Ist eine Klage gegen die Genehmigung erlaubt?
Die DUH hatte gegen die Genehmigungen des KBA Klage beim Schleswig-Holsteinischen Verwaltungsgericht (VG) eingereicht. Die Umweltschützer fordern, dass Millionen Fahrzeuge von Herstellern wie VW, Mercedes-Benz oder Audi wegen der Verwendung von illegalen Abschalteinrichtungen zurückgerufen werden.
Das Schleswig-Holsteiner Verwaltungsgericht legte die Fragen dem EuGH vor, es wollte unter anderem wissen, ob Umweltvereinigungen wie die DUH überhaupt befugt sind, entsprechende Klagen einzureichen. Außerdem fragte das deutsche Verwaltungsgericht den EuGH, welche Voraussetzungen erfüllt werden müssen, damit eine Abschalteinrichtung als zulässig klassifiziert werden kann.
Das Urteil
In beiden Fragen gaben die Europarichter nun den Umweltschützern recht. Nachdem schon der Generalanwalt des EuGH im März 2022 im Sinne der DUH plädiert hatte, schloss sich der EuGH nun dieser Ansicht an. Damit ist die DUH klagebefugt, die Genehmigungen der Software-Updates anzufechten.
Darüber hinaus haben die EuGH-Richter verkündet, dass Abschalteinrichtungen nur dann zulässig sind, wenn diese zum Schutz des Motors vor Beschädigungen oder Unfall und für den sicheren Betrieb des Fahrzeugs notwendig sind. Fast alle Automobilhersteller haben entsprechende Abschalteinrichtungen allerdings nur verbaut, um ihre Abgaswerte unter amtlichen Prüfbedingungen zu beschönigen.

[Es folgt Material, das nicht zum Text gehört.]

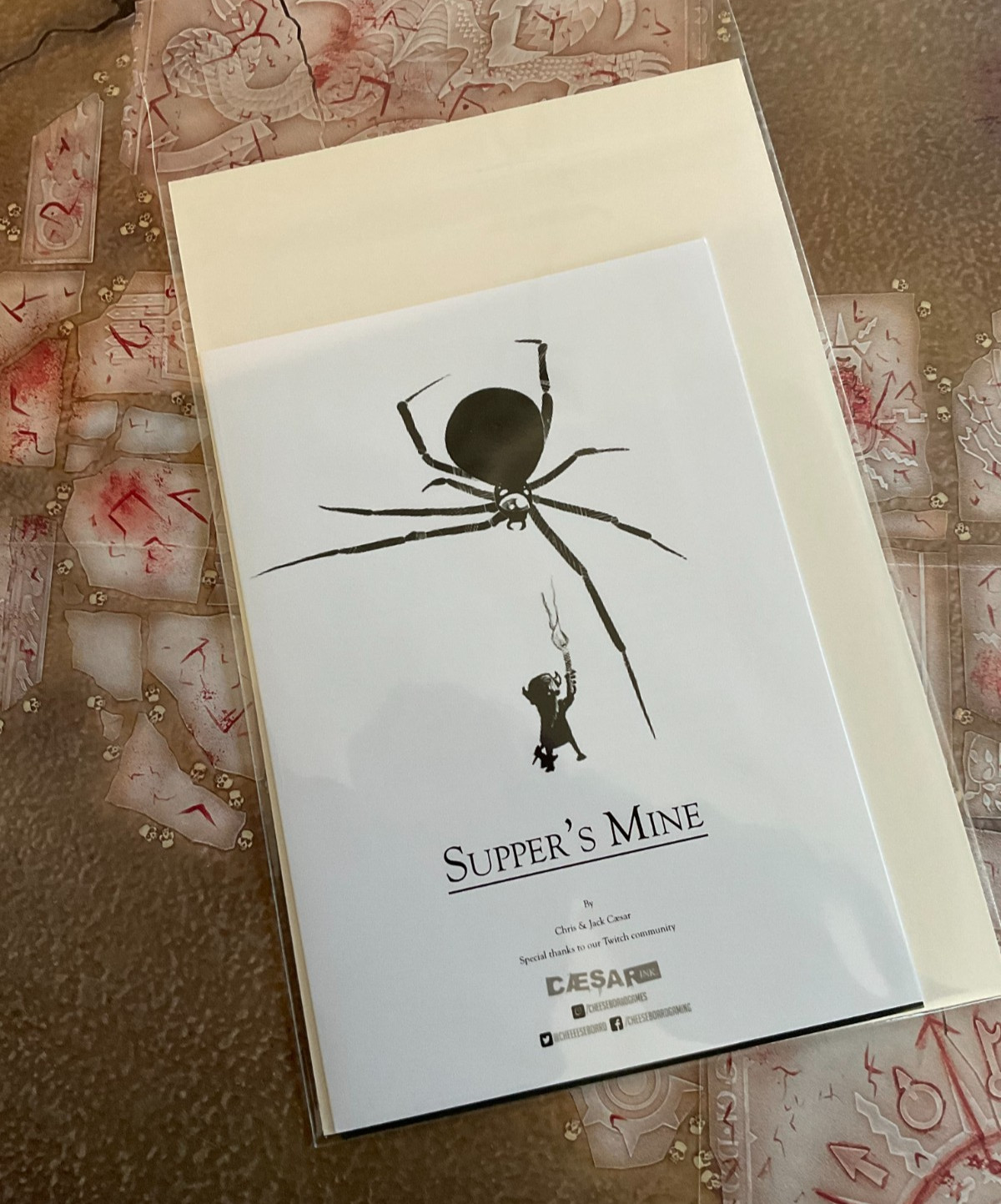 OSRIC OSR rpg Caesar Ink  SUPPER'S MINE  new fantasy roleplaying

Nach dem Urteil des EuGH kann die Deutsche Umwelthilfe nun also gegen die Bescheide des Kraftfahrt-Bundesamtes gerichtlich vorgehen. Die DUH schätzt, dass das Bundesamt bei einem Erfolg ihrer Klage rund fünf Millionen Diesel-PKW zurückrufen müsste.
Europäischer Gerichtshof, Urteil vom 8. November 2022, Az. Rs. C-873/19. Der Prozess wird nun vor dem Verwaltungsgericht Schleswig fortgesetzt.

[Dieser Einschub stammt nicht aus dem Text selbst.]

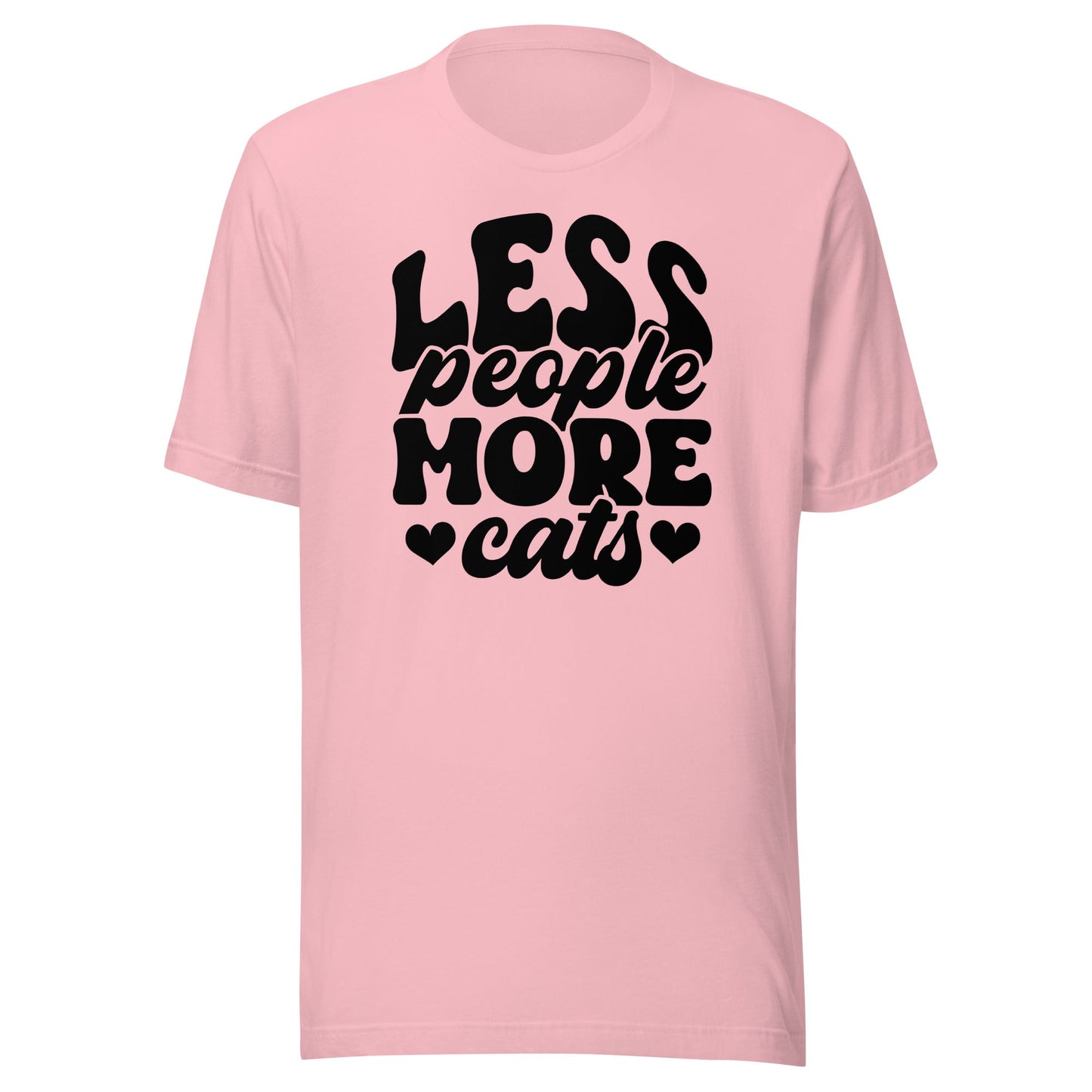 Less People More Cats Unisex t-shirt - The Sandy Merchant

Grundsatz-Urteil für Diesel-Käufer Am 25. Mai 2020 erklärte der Bundesgerichtshof (Az. VI ZR 252/19): Der Besitzer eines VW mit Schummel-Software darf seinen Wagen zurückgeben und erhält einen Teil seines Kaufpreises als Schadensersatz zurück, ebenso wie Verzugszinsen. Denn VW habe ihn sittenwidrig getäuscht. Allerdings darf der Autokonzern für die gefahrenen Kilometer eine Nutzungsentschädigung abziehen. Damit hat der BGH für Klarheit gesorgt. Denn an den höchstrichterlichen Entscheidungen aus Karlsruhe orientieren sich alle unteren Instanzen.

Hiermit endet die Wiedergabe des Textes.